Resident Bill Swift seeks election to Tecumseh City Council in November
Tecumseh resident Bill Swift is running for a seat on Tecumseh’s City Council and will be on the November 2 ballot along with council incumbents Austin See, Vicki Riddle and Gary Naugle. Swift, who works at a software development company in Dexter and ran for county commissioner in 2020, decided to run based on his concerns.
“My motivation is pretty much the same motivation that I had to run for county commissioner, and that is my concern about the health of our republic and the assault that it’s under by conservative Republicans in our community, in our county, in our state and in our nation,” he said.
He cited the insurrection at the U.S. Capitol in Washington, D.C. on January 6 and spoke about “Trumpism,” stating that the support of former President Donald Trump continues to be a threat to the country. “And more so because the people here in our community continue to support somebody who I view as a traitor who would install himself as a dictator, and apparently that’s something that many people around here support. That’s terrifying to me as a person who loves my country and considers himself a patriot,” said Swift.

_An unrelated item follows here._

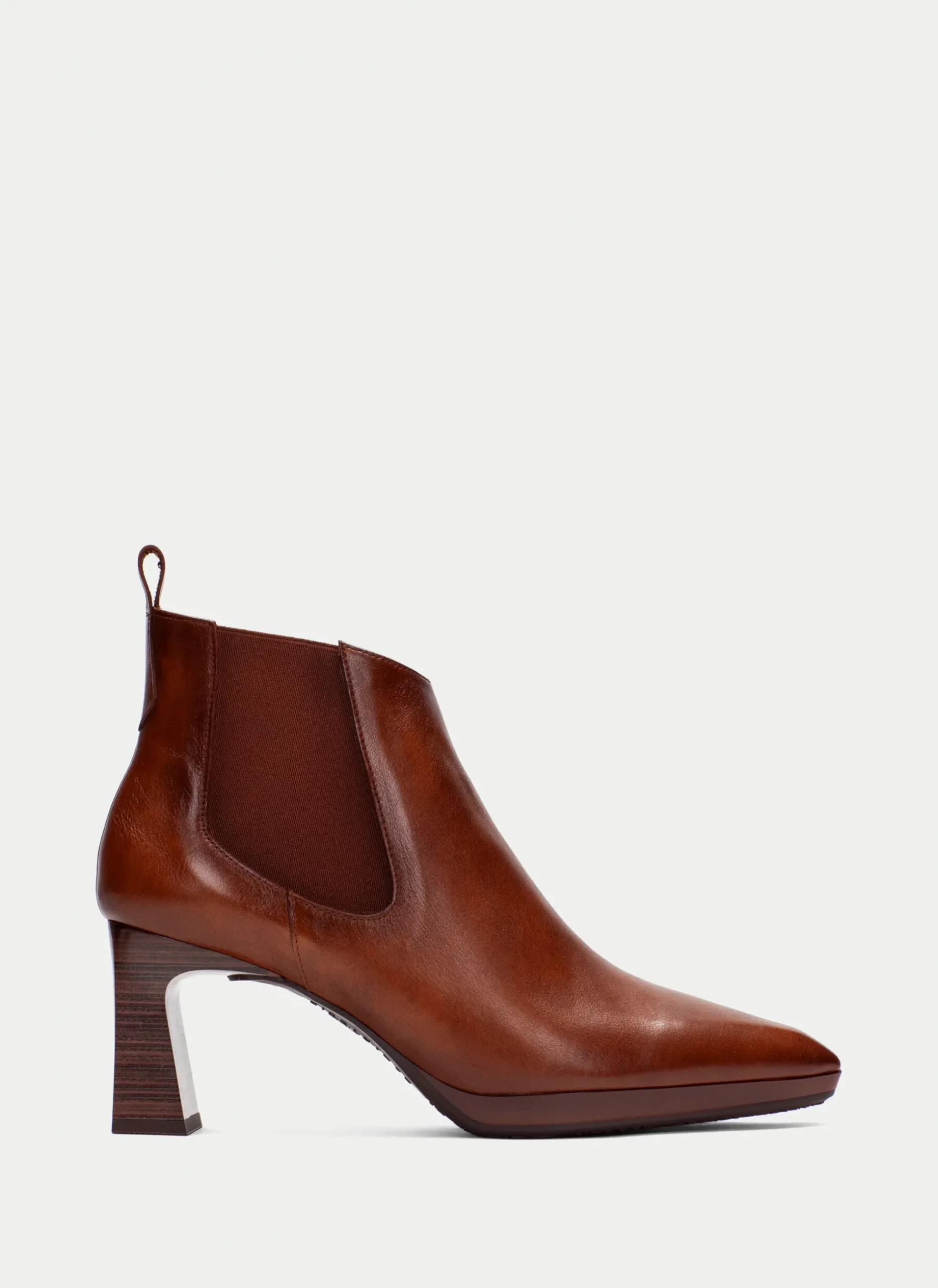 Botin ankara cuero*HISPANITAS Clearance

“I understand that the party affiliation of the people that serve on the city council will not be on the ballot, but that does not change the fact that the people that serve on that body are Republicans and have supported this man and this party, and continue to support people like (State Representative) Bronna Kahle and (U.S. Representative) Tim Walberg, who attempted to throw out my vote for president, and to throw out the votes of citizens of Tecumseh, and to completely obviate all of the work done by our city clerk, Tonya Miller,” he said. “Their support, by getting photo ops or getting awards from these people or even just working at the booth at the county fair, signals their continued support for a political party which in my view is an openly accepted domestic terrorist organization, and whose continued stoking of violent rhetoric and the like imperils the future of the republic. Until there are consequences and accountability for these people and the people that support them, we are, at least in my view, on the road to civil conflict and possibly civil war.”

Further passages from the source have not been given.